Exhibition by Kitano Tsunetomi
Exhibition by Kitano Tsunetomi

Exhibition – The Export Articles At Minatogawa Boeki Seisanhin Kyoshin-Kai by Kitano Tsunetomi

Exhibition is a Japanese vintage art poster in the art nouveau style, depicting an attractive young lady floating in mid air with a bouquet of cherry blossoms in her left hand.

It appears as she is spreading about some of the cherry blossoms with her right hand as the wind blows them away as well as her long black hair.

In the background we can see an island village along the coast with many boats of all sizes in the water; while the foreground has different flags criss-crossing each other on the left, and Japanese writing on the left.

This is a retouched digital art old masters reproduction of a public domain image.

Info Below From Wikipedia.org

Kitano Tsunetomi initially made printing plates for illustrations in newspapers. At 17 he went to Osaka to become a painter.

He now designed illustrations for stories that appeared in newspapers. His large-format advertising posters with beautiful women also found recognition.

In 1910 his picture “Assembly of the Beetles” (す だ く 虫, Sudaku mushi) and the following year the picture “Sunshine in the Rain” (日照 雨, Sobae) were awarded a 3rd prize at the Bunter exhibition.

With that he had established himself as a painter in the Nihonga style.

In 1914 Kitano exhibited the picture “The Thread of Request” (願 い の 糸, Negai no ito) at the resurrected Inten exhibition .

From then on he remained connected to this series of exhibitions and belonged, together with the Tokyo Kaburagi Kiyokata and Uemura Shōen in Kyoto, to the prominent painters of beautiful women.

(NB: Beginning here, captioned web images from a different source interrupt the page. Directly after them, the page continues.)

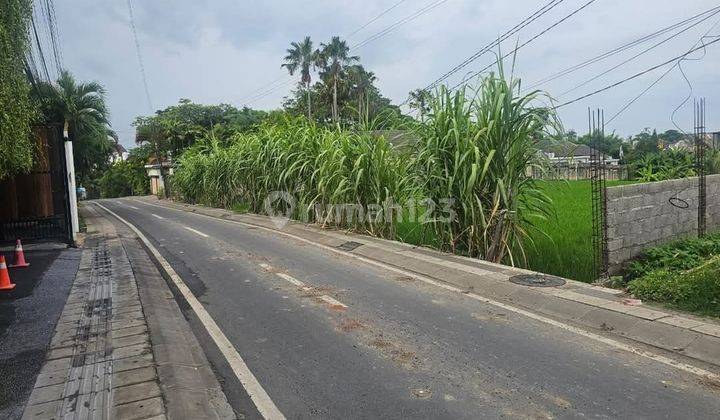 Disewakan tanah dekat pantai lokasi jalan subak sari brawa 2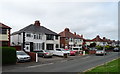 Houses on Liverpool Road North, Maghull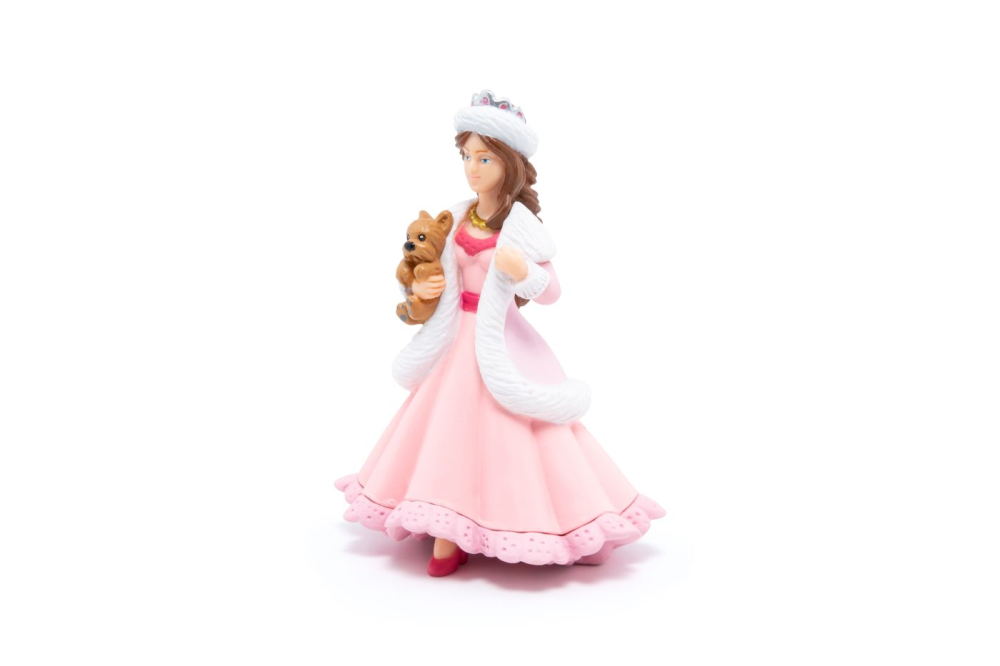 PAPO FIGURINA PRINTESA CU CAINE [5]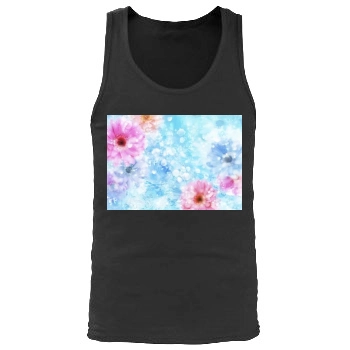 Flowers Men's Tank Top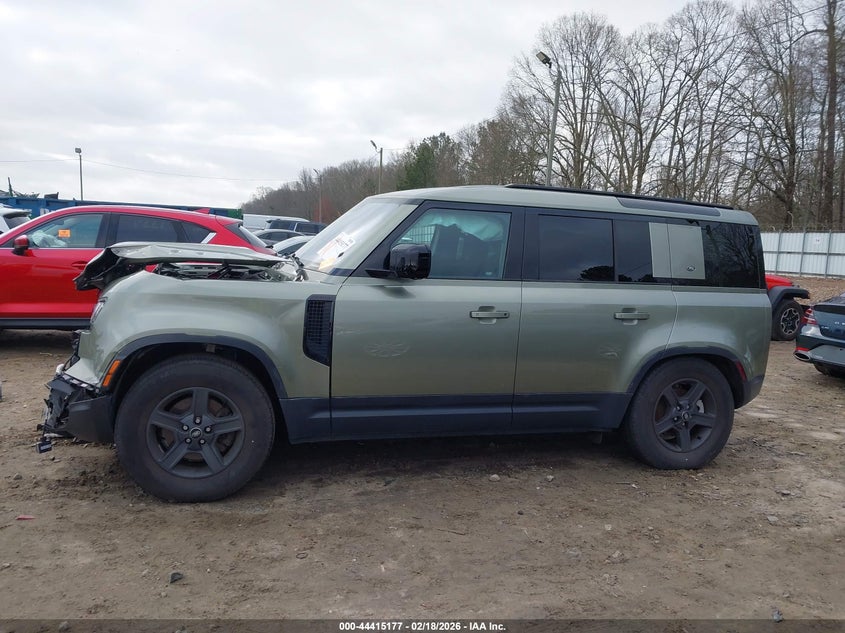 2022 Land Rover Defender 110 Standard VIN: SALEKERX2N2081763 Lot: 44415177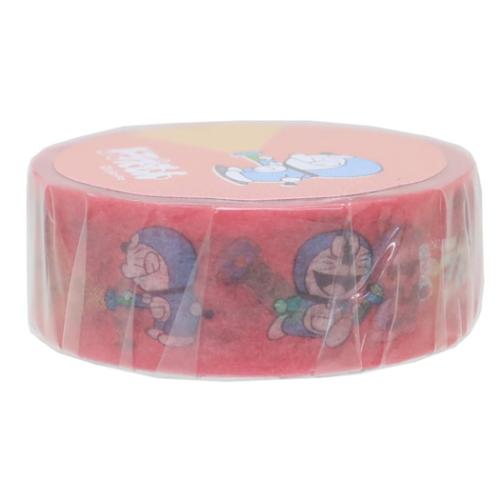 マスキングテープ 15mmマステ ドラえもん スモールライト Green Flash 藤子F不二雄 デコレーション DECOテープ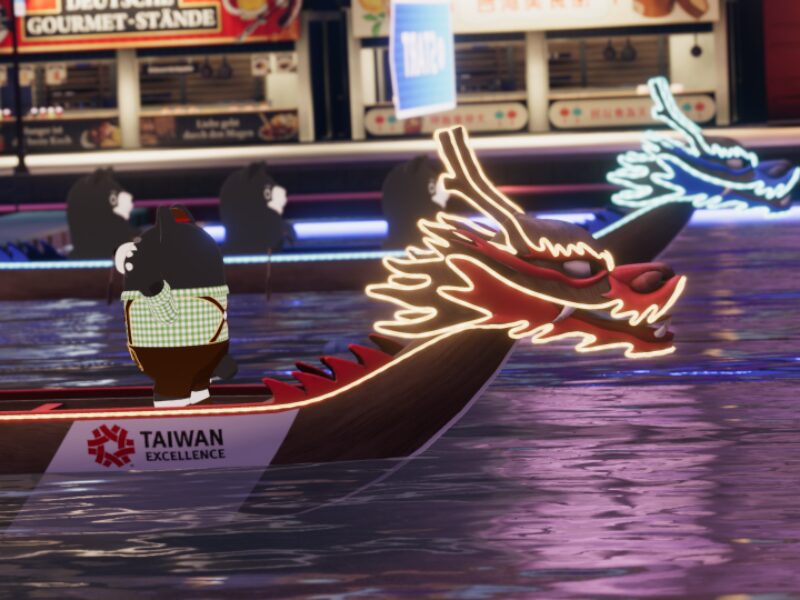 Virtual Dragon Boat Race 2024_TAIWAN EXCELLENCE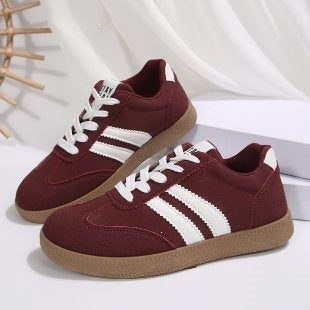 Damen Sportliche Retro Sneakers R&B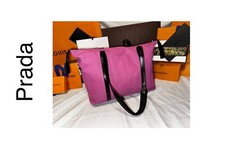 Prada X Large Orchid Tote Bag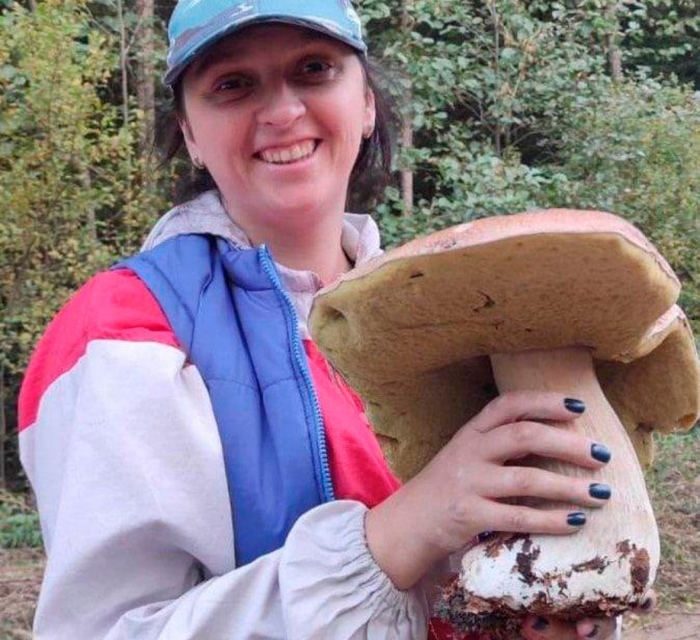 Самый большой гриб боровик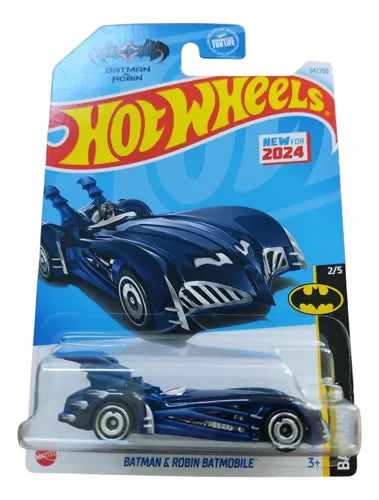 Batman & Robin Batmobile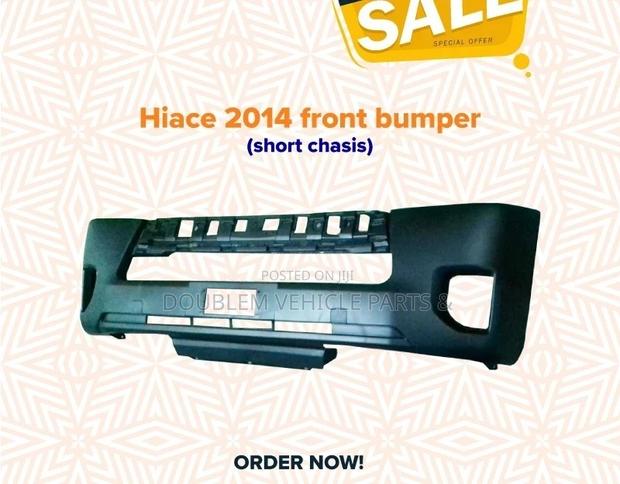 Front Bumper Hiace 2014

Since Kitano initially portrayed “magical” beautiful women, he was counted among the wing of painting that dealt with the unusual, the “Gadan no Akuma-ha” (画壇 の 悪 魔 派).

From the middle Taishō period, the picture of the Yodogimi should be emphasized, which has a new depth of representation.

With the Shōwa period, Kitano captured modern Japan in a fresh way.

Kitano was shown in 1931 at the “Exhibition of Japanese Painting” in Berlin. In 1989 the Japanese Post issued two postage stamps for 62 yen each with a dancer from the “Awa Odori”, the festive procession in Tokushima Prefecture (historically Awa Province).